Brief descriptive captions:
• • • • •

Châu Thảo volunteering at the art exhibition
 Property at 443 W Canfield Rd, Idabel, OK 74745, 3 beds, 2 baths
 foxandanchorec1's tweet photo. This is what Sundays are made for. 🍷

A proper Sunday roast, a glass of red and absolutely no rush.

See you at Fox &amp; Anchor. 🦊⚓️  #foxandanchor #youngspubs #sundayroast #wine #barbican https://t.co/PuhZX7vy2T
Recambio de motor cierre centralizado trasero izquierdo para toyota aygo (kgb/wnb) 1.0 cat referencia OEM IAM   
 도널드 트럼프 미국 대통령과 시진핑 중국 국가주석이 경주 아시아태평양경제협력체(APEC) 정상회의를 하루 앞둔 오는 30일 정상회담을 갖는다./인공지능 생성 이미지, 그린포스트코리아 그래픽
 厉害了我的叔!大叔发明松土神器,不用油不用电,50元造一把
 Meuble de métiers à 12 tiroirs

• • • • •

# Task requirements:
Having read the records, return each one exactly.

# Task response:
Châu Thảo volunteering at the art exhibition
 Property at 443 W Canfield Rd, Idabel, OK 74745, 3 beds, 2 baths
 foxandanchorec1's tweet photo. This is what Sundays are made for. 🍷

A proper Sunday roast, a glass of red and absolutely no rush.

See you at Fox &amp; Anchor. 🦊⚓️  #foxandanchor #youngspubs #sundayroast #wine #barbican https://t.co/PuhZX7vy2T
Recambio de motor cierre centralizado trasero izquierdo para toyota aygo (kgb/wnb) 1.0 cat referencia OEM IAM   
 도널드 트럼프 미국 대통령과 시진핑 중국 국가주석이 경주 아시아태평양경제협력체(APEC) 정상회의를 하루 앞둔 오는 30일 정상회담을 갖는다./인공지능 생성 이미지, 그린포스트코리아 그래픽
 厉害了我的叔!大叔发明松土神器,不用油不用电,50元造一把
 Meuble de métiers à 12 tiroirs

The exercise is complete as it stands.